If you cannot work due to a medical condition, you have a disability, but your insurer may still deny your claim. Denials of long-term disability insurance claims can feel final and disconcerting, but they have no bearing on whether you have a disability.
“Denials” are tools for the insurance company
In any insurance dispute, in any venue, for any injury, of any severity, the first and easiest thing that an insurance company can do, is deny it. It’s a cost-control method. It’s a business policy. It’s effective.

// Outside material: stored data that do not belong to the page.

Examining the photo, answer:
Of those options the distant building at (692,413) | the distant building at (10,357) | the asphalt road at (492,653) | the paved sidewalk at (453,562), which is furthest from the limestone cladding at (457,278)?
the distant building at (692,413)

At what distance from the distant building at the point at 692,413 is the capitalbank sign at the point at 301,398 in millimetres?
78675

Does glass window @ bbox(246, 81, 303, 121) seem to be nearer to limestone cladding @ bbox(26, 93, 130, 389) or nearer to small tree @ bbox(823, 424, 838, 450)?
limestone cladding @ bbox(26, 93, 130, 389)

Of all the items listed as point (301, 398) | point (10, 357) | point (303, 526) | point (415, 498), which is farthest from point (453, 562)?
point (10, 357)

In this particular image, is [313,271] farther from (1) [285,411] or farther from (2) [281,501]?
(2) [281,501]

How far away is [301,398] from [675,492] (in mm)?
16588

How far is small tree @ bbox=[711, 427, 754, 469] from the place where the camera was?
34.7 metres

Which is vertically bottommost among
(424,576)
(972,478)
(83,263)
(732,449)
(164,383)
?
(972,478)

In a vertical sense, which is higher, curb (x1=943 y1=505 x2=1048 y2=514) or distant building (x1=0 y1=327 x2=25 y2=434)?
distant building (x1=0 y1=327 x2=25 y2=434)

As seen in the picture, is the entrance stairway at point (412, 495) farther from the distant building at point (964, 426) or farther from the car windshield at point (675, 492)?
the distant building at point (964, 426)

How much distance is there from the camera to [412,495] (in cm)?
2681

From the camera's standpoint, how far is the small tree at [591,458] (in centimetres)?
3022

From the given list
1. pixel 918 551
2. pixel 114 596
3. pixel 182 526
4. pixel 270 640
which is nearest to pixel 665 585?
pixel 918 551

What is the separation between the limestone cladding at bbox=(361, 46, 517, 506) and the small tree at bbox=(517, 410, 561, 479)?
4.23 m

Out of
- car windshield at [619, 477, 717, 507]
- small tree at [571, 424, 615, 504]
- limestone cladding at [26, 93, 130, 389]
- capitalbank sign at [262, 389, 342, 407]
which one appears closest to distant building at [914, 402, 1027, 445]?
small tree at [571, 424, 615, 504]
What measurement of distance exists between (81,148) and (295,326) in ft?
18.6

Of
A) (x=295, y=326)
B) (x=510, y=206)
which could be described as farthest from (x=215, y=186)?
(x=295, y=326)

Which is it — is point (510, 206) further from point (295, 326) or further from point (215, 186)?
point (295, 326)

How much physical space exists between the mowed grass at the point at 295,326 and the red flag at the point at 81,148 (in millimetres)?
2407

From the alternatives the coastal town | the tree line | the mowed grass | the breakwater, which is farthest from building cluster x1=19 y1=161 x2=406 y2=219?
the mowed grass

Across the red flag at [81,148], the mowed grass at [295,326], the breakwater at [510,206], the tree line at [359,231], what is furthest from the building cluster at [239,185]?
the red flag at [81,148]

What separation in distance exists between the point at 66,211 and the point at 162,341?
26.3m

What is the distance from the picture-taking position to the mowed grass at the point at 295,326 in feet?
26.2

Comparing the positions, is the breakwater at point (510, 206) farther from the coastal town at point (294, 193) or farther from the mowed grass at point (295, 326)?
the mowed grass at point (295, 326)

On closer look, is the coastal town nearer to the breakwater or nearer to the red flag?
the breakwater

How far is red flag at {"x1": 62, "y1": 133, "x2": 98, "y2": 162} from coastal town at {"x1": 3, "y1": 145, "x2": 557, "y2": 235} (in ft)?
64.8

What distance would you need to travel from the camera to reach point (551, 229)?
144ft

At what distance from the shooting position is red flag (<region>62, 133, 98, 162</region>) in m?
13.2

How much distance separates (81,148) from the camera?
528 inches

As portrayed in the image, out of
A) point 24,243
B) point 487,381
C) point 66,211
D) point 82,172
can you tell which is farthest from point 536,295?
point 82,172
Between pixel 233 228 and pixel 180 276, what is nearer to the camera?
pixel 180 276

Conditions compensable through disability insurance
Any condition that keeps you from “performing the material duties of your occupation” is a disability. A few examples of disabling conditions are:
- Spinal cord injuries
- Muscular dystrophy
- Macular degeneration
- Traumatic brain injuries (TBIs)
You might also find yourself disabled by genetic or infectious disease. You might have a disability due to mental illness.

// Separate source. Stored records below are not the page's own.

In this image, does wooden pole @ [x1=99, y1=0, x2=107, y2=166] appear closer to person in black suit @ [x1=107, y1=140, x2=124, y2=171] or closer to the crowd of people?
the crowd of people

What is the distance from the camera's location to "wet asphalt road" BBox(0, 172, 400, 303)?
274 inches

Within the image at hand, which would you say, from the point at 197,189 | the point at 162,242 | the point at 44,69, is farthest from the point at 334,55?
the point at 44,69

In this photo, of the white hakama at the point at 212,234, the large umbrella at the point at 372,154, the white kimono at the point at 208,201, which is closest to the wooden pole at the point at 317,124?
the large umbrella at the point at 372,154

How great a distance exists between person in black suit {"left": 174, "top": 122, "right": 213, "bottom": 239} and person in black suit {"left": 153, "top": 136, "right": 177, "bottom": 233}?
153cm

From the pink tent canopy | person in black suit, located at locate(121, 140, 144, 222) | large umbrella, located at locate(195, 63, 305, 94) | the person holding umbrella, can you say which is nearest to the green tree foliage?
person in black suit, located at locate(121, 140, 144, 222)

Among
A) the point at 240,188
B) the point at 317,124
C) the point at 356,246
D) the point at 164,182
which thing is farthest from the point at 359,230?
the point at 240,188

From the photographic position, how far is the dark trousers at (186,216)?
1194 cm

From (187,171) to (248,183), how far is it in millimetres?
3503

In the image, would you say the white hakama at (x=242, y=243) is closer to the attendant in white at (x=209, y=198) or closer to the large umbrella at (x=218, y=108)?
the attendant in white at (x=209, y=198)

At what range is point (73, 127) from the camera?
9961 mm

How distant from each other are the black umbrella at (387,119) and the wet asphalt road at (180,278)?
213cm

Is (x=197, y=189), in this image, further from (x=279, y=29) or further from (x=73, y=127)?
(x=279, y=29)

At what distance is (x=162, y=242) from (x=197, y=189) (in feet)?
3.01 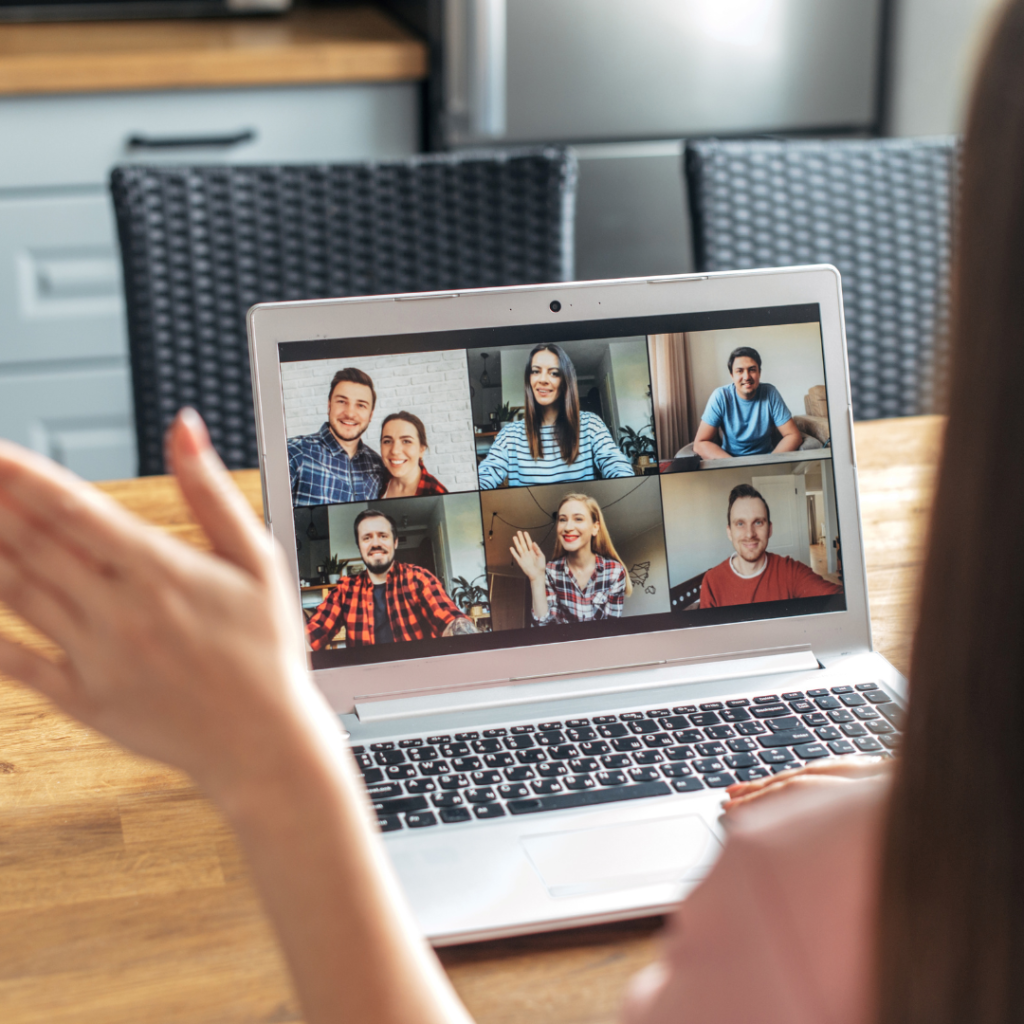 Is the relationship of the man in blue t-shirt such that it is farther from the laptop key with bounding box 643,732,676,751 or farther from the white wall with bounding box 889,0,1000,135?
the white wall with bounding box 889,0,1000,135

What if I can work, but not in my profession?
If a surgeon were to damage their hands, their career as a surgeon would be over. However, their ability to work at all would not. This individual may receive some disability benefits as part of an “Own Occupation” policy. However, even here, denial of a disability claim based on an ability to work at all misses the policy’s point.
You do not have to accept your denial
You can take steps to ensure your condition is recognized and your needs are met. Your disability is real. If an insurer tells you that your condition doesn’t add up to a disability, you do not have to accept them at their word.